I think what will end up happening is the euro will do what it should do, or Europe will do what it should have done long ago, split up into a Northern euro and a Southern series of currencies.
Greece needs its drachma back—it needs to devalue. Spain needs its peseta. Portugal needs the escudo back, Italy needs the lira back, so they can get away from the tight monetary policies of Berlin, of Frankfurt, and have a currency that they can devalue.
No one can afford to go to a Greek tourist attraction any longer, and Greece needs tourism. It’s still going to be its dominant driver, absolutely its dominant foreign-exchange earner, and no one can go there. Greece needs to have its drachma back, so it can devalue and make itself competitive again.
As gold reverses, do you see a risk-off or fear-off trade in a food-on trade?
Yeah, I think that’s going to be the next big thing, will be fear. As I said, I think it will be food in, fear out. People are going to swap gold for corn.

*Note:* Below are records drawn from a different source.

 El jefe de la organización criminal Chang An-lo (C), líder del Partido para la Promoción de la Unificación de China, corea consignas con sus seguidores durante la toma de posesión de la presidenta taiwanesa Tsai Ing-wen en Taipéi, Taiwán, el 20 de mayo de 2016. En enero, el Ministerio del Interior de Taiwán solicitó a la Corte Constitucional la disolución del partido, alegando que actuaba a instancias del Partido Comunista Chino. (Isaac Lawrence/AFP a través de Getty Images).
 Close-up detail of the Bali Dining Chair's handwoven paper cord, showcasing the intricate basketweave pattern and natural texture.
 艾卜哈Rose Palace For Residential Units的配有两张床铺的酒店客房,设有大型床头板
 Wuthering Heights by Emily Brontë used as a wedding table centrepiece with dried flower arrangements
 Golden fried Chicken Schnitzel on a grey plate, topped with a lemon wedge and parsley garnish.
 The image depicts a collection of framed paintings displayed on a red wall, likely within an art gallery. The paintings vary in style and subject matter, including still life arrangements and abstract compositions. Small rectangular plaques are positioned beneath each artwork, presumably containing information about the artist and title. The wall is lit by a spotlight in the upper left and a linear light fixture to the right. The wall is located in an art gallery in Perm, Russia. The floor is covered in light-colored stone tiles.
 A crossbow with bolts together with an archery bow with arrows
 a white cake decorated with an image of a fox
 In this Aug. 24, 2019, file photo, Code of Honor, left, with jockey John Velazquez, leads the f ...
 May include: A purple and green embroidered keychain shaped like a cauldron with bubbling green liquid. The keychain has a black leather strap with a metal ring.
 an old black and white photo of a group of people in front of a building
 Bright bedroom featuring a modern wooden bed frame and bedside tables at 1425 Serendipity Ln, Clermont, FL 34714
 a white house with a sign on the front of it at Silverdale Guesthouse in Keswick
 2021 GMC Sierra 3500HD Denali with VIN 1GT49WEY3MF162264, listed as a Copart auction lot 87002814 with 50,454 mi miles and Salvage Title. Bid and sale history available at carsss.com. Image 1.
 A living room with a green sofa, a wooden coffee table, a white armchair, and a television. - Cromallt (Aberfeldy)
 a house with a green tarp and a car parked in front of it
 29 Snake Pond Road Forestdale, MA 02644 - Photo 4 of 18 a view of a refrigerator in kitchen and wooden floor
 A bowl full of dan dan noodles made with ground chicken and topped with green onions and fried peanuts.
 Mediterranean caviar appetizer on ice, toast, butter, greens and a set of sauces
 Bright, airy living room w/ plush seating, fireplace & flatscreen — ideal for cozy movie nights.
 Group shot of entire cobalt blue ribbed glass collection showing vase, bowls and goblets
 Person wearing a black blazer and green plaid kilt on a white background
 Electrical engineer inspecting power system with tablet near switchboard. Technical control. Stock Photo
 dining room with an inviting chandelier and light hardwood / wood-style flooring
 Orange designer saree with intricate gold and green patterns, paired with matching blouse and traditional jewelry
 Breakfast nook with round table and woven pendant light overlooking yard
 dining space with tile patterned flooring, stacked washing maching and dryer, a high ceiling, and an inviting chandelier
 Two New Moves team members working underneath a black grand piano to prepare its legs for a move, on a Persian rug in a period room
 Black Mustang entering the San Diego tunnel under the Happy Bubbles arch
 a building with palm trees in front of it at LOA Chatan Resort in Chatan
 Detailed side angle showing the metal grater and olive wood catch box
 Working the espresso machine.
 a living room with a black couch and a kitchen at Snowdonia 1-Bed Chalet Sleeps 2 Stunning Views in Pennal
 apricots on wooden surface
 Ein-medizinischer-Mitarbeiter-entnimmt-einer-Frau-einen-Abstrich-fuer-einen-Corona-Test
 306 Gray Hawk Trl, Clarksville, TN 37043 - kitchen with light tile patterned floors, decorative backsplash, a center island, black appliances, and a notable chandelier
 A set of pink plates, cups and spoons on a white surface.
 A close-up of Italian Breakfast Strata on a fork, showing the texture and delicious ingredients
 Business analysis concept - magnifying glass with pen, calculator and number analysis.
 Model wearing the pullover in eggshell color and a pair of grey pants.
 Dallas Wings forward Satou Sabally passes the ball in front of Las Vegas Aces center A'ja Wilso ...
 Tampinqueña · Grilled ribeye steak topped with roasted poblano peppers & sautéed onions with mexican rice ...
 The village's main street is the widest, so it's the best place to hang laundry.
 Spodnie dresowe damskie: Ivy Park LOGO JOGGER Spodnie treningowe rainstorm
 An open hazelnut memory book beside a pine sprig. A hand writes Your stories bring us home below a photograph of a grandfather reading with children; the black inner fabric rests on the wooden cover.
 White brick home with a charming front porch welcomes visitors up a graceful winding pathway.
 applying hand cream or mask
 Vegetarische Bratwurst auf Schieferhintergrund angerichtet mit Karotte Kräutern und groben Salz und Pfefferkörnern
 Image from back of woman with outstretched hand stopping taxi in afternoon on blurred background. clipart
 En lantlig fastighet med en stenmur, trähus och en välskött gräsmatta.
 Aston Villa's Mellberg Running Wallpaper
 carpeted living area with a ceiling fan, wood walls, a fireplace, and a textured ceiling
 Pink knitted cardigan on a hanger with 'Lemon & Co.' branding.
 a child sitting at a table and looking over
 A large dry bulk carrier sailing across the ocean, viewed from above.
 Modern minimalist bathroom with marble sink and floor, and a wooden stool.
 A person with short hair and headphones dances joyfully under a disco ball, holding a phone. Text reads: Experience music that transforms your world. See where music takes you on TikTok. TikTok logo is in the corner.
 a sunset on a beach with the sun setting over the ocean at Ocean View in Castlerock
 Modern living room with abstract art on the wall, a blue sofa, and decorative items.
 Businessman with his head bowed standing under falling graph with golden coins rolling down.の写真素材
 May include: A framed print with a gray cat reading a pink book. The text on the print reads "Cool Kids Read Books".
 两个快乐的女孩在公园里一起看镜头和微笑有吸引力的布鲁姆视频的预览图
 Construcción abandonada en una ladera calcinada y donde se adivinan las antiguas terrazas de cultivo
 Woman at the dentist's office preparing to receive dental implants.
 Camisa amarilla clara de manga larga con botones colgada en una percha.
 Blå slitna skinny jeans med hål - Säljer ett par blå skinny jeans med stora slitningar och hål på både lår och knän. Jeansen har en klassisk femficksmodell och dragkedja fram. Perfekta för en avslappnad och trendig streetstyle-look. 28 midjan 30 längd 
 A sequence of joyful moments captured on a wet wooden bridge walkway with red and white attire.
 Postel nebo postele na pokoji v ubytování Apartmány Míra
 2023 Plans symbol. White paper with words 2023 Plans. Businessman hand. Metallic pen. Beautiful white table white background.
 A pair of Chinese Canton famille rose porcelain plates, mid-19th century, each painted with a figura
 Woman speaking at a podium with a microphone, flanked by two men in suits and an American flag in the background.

Something that you need to consider—it’s not going to happen today, it’s not going to happen tomorrow, it may not happen in a year—but it now takes almost 245 bushels of corn to buy an ounce of gold. It wasn’t that long ago it took 40, wasn’t that long ago it took 20. We’re probably going to go back to that over the course of the next decade or more.
That may well be the great trade of the next ten years, as we get rid of fear and try to buy more food, to swap fear for food. It’s not time to do it now, because both of them are still moving upward, but eventually you’re going to see that relationship change dramatically.